The news has broken the economic barrier: the market of Anime It reached a record value of $25.25 billion in 2024. However, the immediate reaction of the FANDOM expert is not one of celebration, but of skepticism and even fury. “If the industry earns so much money, why do grassroots animators still suffer with miserable salaries, precarious conditions and exhausting days?”
This contradiction is the great lie of the industry. To calm the confusion and explain where that money really goes, it is vital to understand the crucial difference between the total value that the consumer spends and what really comes into the hands of those who draw.
The “$25 billion” myth: the big market trap

The first mistake is to confuse the total market value (the one that reaches $25.25 billion) with the income of production. when we review The AJA report, we see that the “anime industry market” is what inflates the number. This market tracks All consumer spending In intellectual property: from the collectibles, the merch coffee, theme park rights, even music.
our experience With these figures, it indicates that companies that earn most of this money (production committees, distributors, companies of Merchandise) are not, in most cases, animation studies. The studios take a small fraction of that giant cake.

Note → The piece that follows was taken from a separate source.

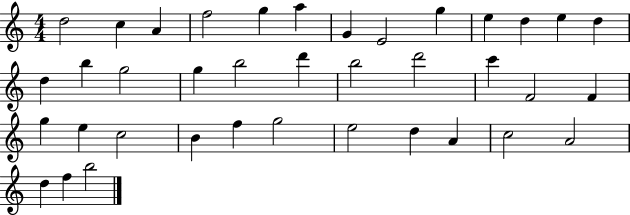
D5/h C5/q A4/q F5/h G5/q A5/q G4/q E4/h G5/q E5/q D5/q E5/q D5/q D5/q B5/q G5/h G5/q B5/h D6/q B5/h D6/h C6/q F4/h F4/q G5/q E5/q C5/h B4/q F5/q G5/h E5/h D5/q A4/q C5/h A4/h D5/q F5/q B5/h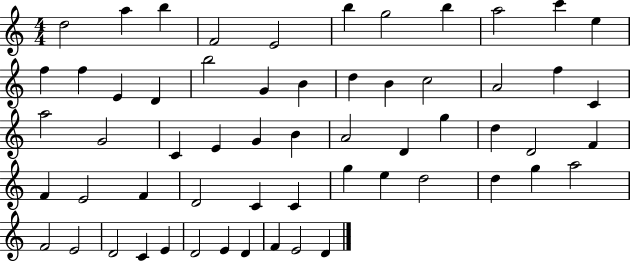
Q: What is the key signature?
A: C major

The real problem: the narrow production margin in the anime
To find the money that does reach the studios, we must look at the “production market”, a much narrower figure than AJA’s own report states: $3.06 billion. This is the money that is used to pay for the animation.
when analyzing The structure, we understand the root of the wage problem: Animation is, historically, an industry with a very low profit margin. requires an immense amount of labor (Key Animators, intermediate animators, in-betweeners) that, due to the pay-per-view or piecework system, they end up earning incredibly low annual wages, in some cases less than $13,000 USD per year, well below the Japanese average. The bonanza of $25 billion does not flow towards the Key Animator linearly.

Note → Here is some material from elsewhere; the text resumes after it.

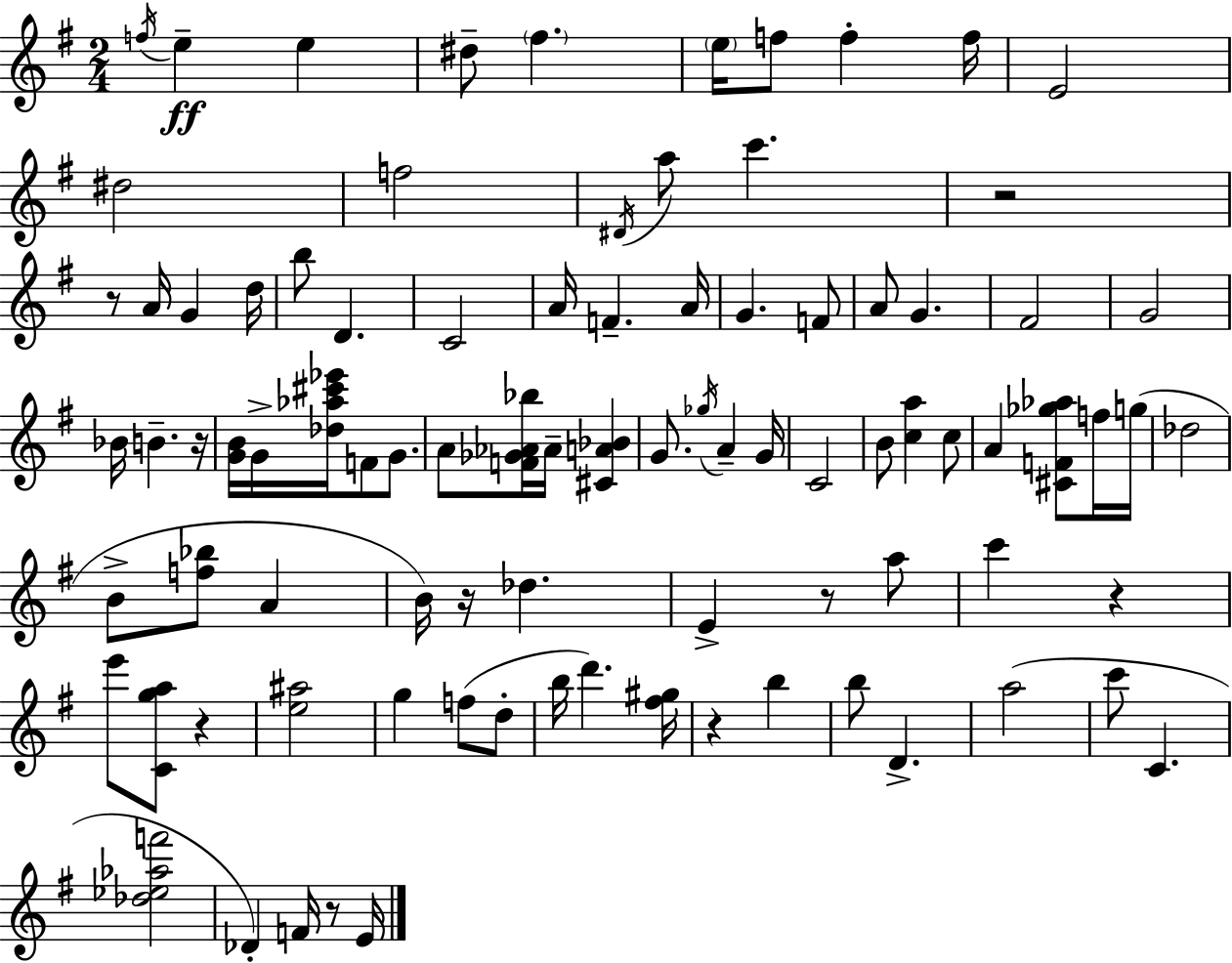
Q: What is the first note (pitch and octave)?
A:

The value chain: unequal distribution of global anime money

The global record is driven by the grouped contracts (Bundled Contracts), which include streaming, theater and Merchandise. We observe that foreign money (which already surpasses the premises) enters through large international distributors and production committees.
These committees delegate the animation to smaller studies through outsourcing. This outsourcing structure works as a funnel that squeezes costs at each step. Although the wide market See the investment, production market (the weakest link, where the animators are) receives the work order with a very limited budget, forcing precarious work conditions and work overload (Karoshi).
The verdict: money exists, but the model is defective
With this we can see that the confusion that fans have is more than justified. The Anime It is in, perhaps, its best financial moment. But the bad thing is that with all that money produced, the working conditions do not seem to be consistent. The money is more focused on creating more merchandise or getting the best licenses and not on the animators themselves, which are the basis of everything.
The solution would be for the same companies to change their focus when it comes to distributing profits. The look they have today should be put aside and focus on their employees. Money exists, as evidenced by $25 billion, and it is the responsibility of industry leaders (to whom the government asks for support) to ensure that this financial record translates into minimal work dignity.
Do you think that the intervention of the Japanese government, or the pressure of global platforms like Netflix and Crunchyroll, is the only way to force production committees to distribute that record money more fairly? We want to read your analysis in the comments!